ラミン:僕自身が変化したのは33歳くらいのころだったと思います。『レ・ミゼラブル』のジャン・バルジャン役のオファーを受けたとき、率直に言えば最初はあまり気が進まなかったんです。でも、とにかくやってみてどうなるかだと思って覚悟を固めました。ジャン・バルジャンの物語を語るために、肉体も改造したりして。そして次第に、人間がすべてなんだということに気づきました。それ以来、人が何を言おうが書こうが気にならなくなりましたね。ネットでどう評されているか、検索することもなくなりましたし。人がどう受け止めていようが、本当にどうでもいい。自分には関係ない。プロデューサーが、プロダクションが、僕という人間を必要としてくれるんだったら、僕は舞台に立って真実の物語を語る、それだけのことなんですよね。インスタグラムに寄せられたコメントもほとんど読みません。好意的なコメントも、エゴを育ててしまうという意味において、否定的なコメントと同じくらい、アーティストにとってよくないものだと思います。もちろん、ファンのサポートに対しては大いに感謝していますよ。ただ、そのサポートにお返しする手段としては、最大限努力してすばらしい舞台を見せること、それに尽きると思っています。
ラミン・カリムルー
佐藤:聞いていて鳥肌が立ちます…。本当にその通りだと思います。それって役者に限ったことじゃないじゃないですか。役者を飛び越えて、人間としてどう生きていくか教えられている気がします。
ーー人間性、舞台に出ますよね。
ラミン:そうかもしれないですね。もちろん、僕だっていまだにいろいろ失敗して、大切な人を困らせたりもします。それが人生ってものですよね(笑)。『CHESS』という物語も、不完全な状況における、不完全な人々の話です。僕が演じるアナトリーが劇中下す決断にしても、例えば、亡命することによって家族と離れ離れになったりします。当時の状況によってそうせざるを得なかったんだけれども。彼自身、冷戦当時の政治的な状況下における“ゲーム”の駒なんですよね。彼がとりわけ自己中心的な悪人というわけじゃないんです。アービターは興味深いキャラクターですよね。登場人物の間を流れてゆく水のようなところがある。モロコフもフローレンスも決して完璧な人間じゃありません。

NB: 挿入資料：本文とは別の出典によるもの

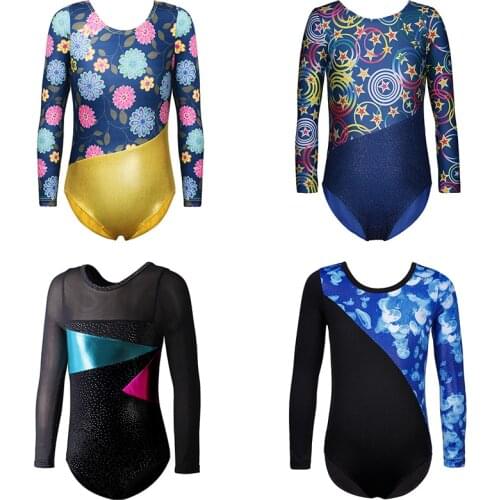 Black Gymnastics Leotards Girls Mesh Long Sleeve Dancewear Child Dance Clothing Costumes Professional Gymnastic Leotards 2-13Y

佐藤:アービターの曲は早口なんですよ。しかも今回は英語で歌うことになっているんですが、それも含めて楽しみたいですね。なかなか原語でミュージカルの歌を歌うという経験もないですし。もともと英語に合わせて作られた曲なわけで、オリジナルのままで歌える喜びがありますよね。

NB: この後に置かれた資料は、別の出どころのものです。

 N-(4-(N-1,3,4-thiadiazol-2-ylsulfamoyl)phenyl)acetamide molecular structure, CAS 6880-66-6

ーークラシックでも日本語以外の言語で歌うことが多いと思いますが、母国語で歌うのとそれ以外の言語で歌うのとでは違いがあるのでは?
佐藤:ありますね。何回も何回も歌わないと、意味を感じながら歌うところまでいかないので。日本語で歌うよりも何倍も練習しなくちゃいけないという感覚がありますね。
佐藤隆紀(LE VELVETS)
ラミン:でも、オペラとミュージカルの作曲のされ方って違いますよね。オペラの場合、作曲家が声を熟知しているから、ソプラノならこの声域とか理解しているじゃないですか? ポピュラー音楽の作曲家、ミュージカルの作曲家はそのあたりあんまり考えてないですよね(笑)。
佐藤:確かに!(笑)
ラミン:だからときどきめちゃめちゃ歌うのが難しいんです(笑)。オペラの作曲家の場合、この母音ならこの音がいいとか、そこまで考えて作曲していますよね。アンドリュー・ロイド=ウェバーはそうは作曲してないから(笑)。「ミュージック・オブ・ザ・ナイト」(※『オペラ座の怪人』の楽曲のひとつ)にしてもそう。

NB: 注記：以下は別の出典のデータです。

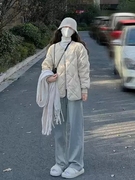 韩系白色菱格羽绒棉服女短款2023年冬季加厚小个子，面包服外套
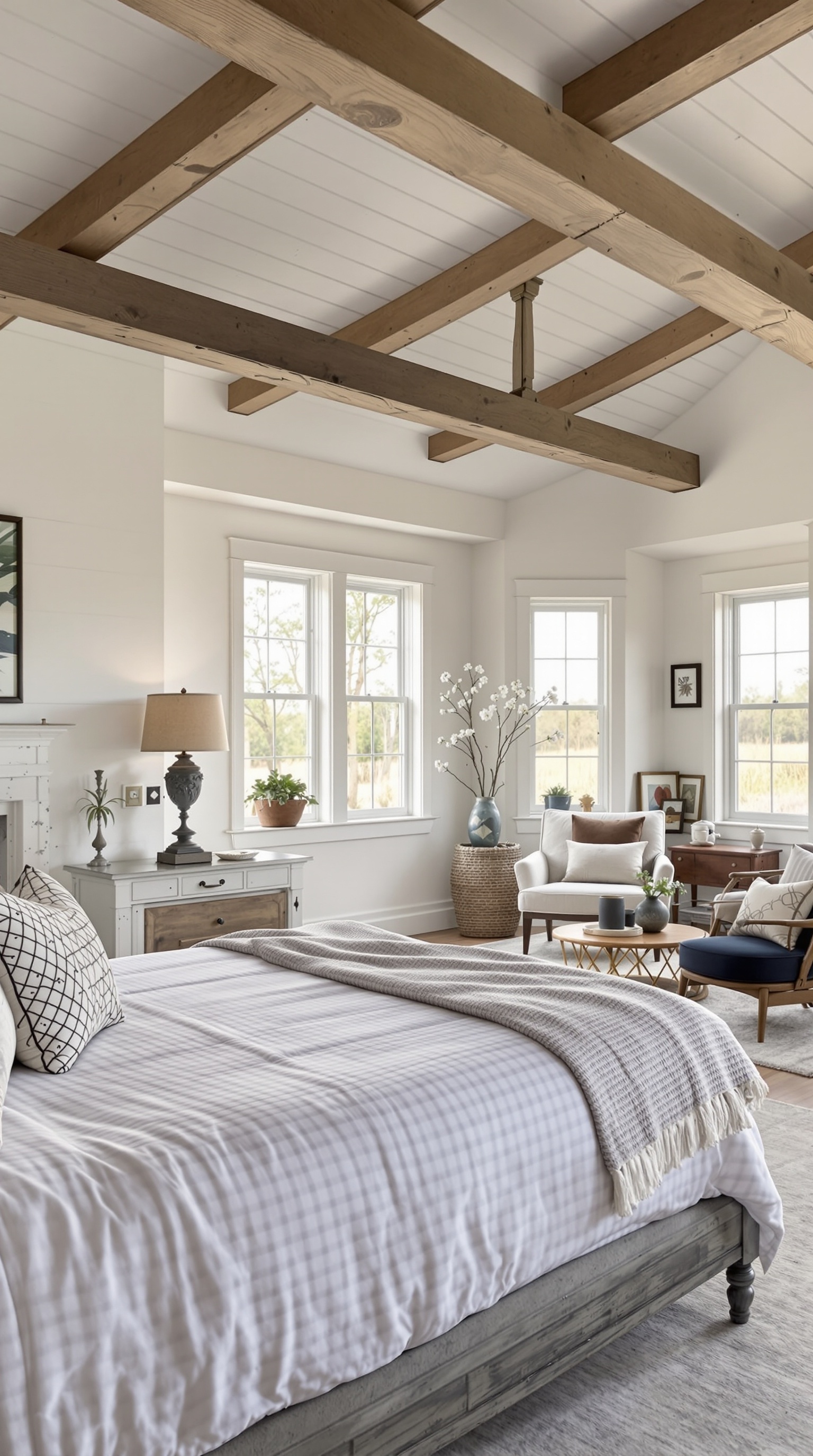 Cozy farmhouse bedroom with open concept layout featuring large windows, wooden furniture, and soft bedding.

佐藤:そうだったんだ(笑)。日本語に翻訳するときはそのあたりけっこう考えてくれるんですよね。
ラミン:『レ・ミゼラブル』の「♪24601~」(英語で歌う)は、日本語だと…。
佐藤:「♪24653~」ですね。でも、最後が「♪い~ち」でも、僕はけっこういけるかも。
ラミン:(「♪い~ち」と歌って)「♪い~」の音、僕もけっこう好きだな。
佐藤:慣れてないと「♪い~」って難しいんですよね。日本人で苦手な人多いです。
ラミン:英語でも、「どうやったら『E』の音でそんなにクリアな高音を出せるの?」って言われたりしますね。ぎゅっとタイトな感じがして僕は好きなんだけど。
佐藤:わかります!
左から ラミン・カリムルー、佐藤隆紀(LE VELVETS)
ーー冷戦がテーマとなった作品でもあります。
ラミン:当時の政治的状況に対する風刺なんですよね。モデルとなった実在の人物はいるけれども、ロシア人とアメリカ人のチェスプレイヤーがチェスのゲームを行なうという設定自体、当時の状況を象徴している。そこがこの作品の恐ろしいところだと思います。もっと恐ろしいのは、冷戦時のような東西対立、アメリカ対ソ連という形でないにせよ、今の時代においてもこういった対立が世界のあちこちで見られるということです。そしてみんな、自国メディアの報道を頼りにして、相手を敵視したりする。『CHESS』の中にも、「みんなゲームに参加しているけど、ルールは決して同じじゃない」という歌詞が出てきます。みんなが同じルールでプレイできたらどんなにいいか、そう思いますけどね。
ーー劇場空間は同じルール、同じプリンシプルでプレイできる場所だと、私は思います。
ラミン:それが芸術のすばらしいところですよね。演出家がいて、スタッフがいて、キャストがいて、チームワークを発揮して、同じ目的に向かって進んでいく。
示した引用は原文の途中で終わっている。